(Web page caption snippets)

╔══

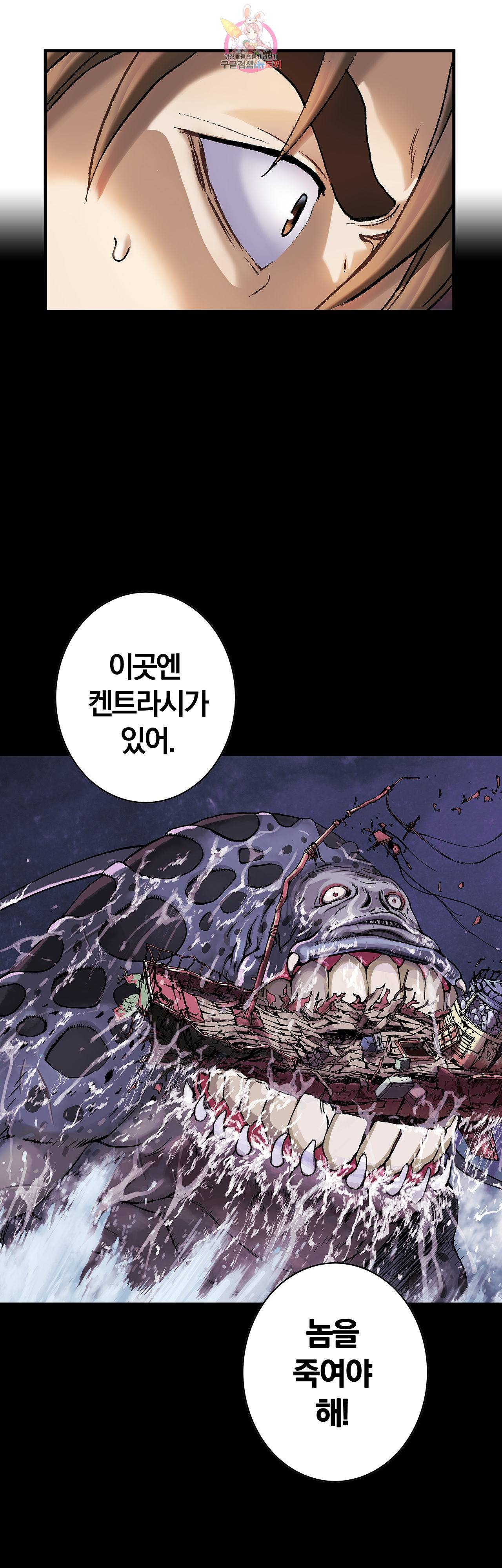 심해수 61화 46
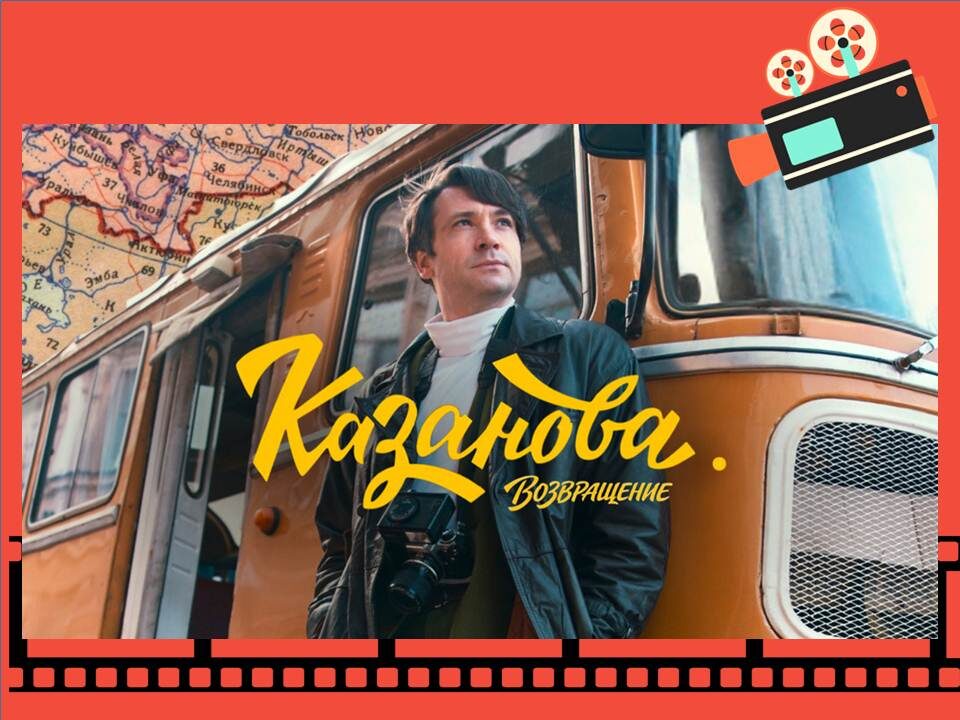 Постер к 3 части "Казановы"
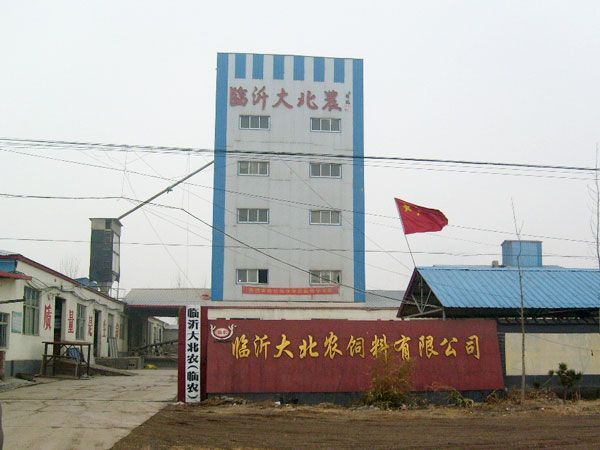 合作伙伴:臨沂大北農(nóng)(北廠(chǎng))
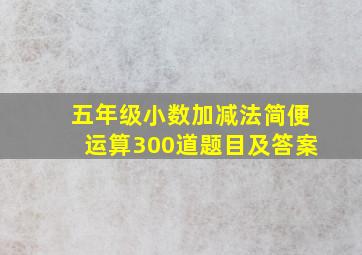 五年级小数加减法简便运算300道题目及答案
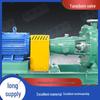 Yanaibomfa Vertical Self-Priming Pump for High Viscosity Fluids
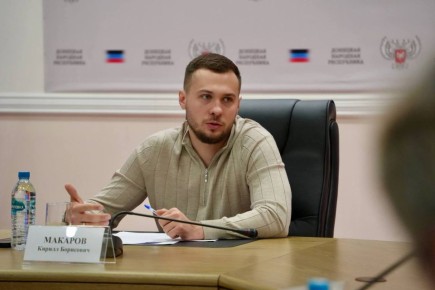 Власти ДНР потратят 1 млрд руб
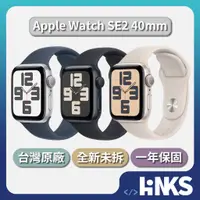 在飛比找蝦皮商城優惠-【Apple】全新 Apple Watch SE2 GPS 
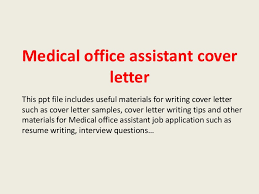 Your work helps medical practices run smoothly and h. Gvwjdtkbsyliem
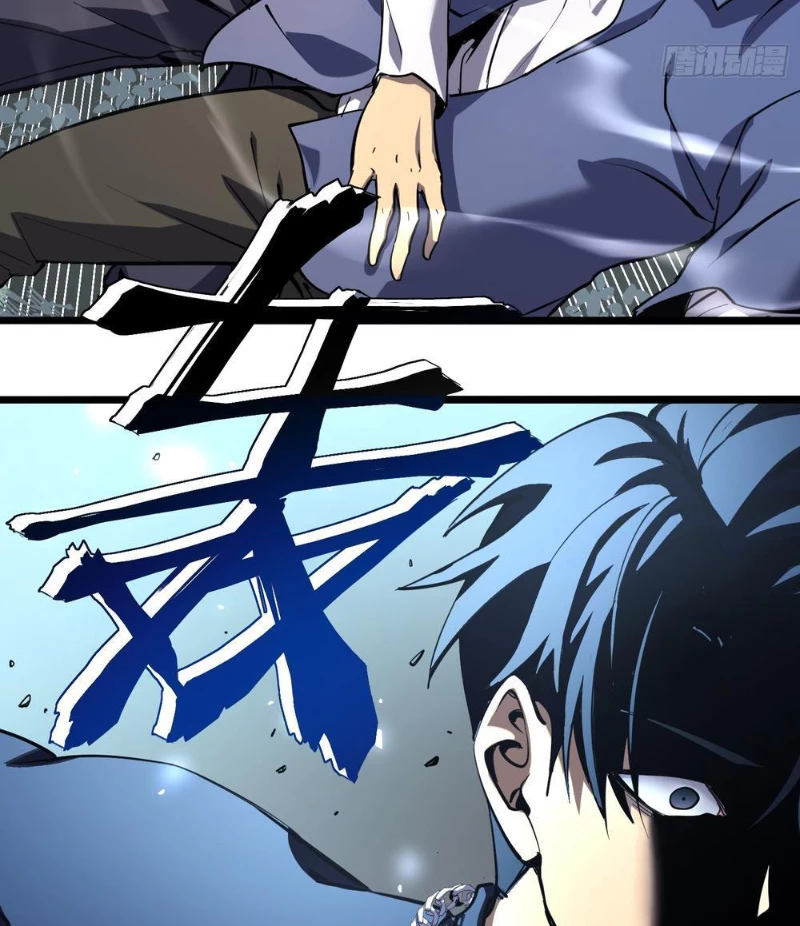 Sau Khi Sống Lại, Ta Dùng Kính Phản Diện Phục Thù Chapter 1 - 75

╚══

## WHAT IS BEING ASKED
Copy out only the lines from the one containing "在飛比找蝦皮商城優惠-【Apple】全新 Apple Watch SE2 GPS" to the end of the entries, unchanged. Drop the pictures.

## ANSWER TO THIS TASK
 在飛比找蝦皮商城優惠-【Apple】全新 Apple Watch SE2 GPS 
 Your work helps medical practices run smoothly and h. Gvwjdtkbsyliem
 Sau Khi Sống Lại, Ta Dùng Kính Phản Diện Phục Thù Chapter 1 - 75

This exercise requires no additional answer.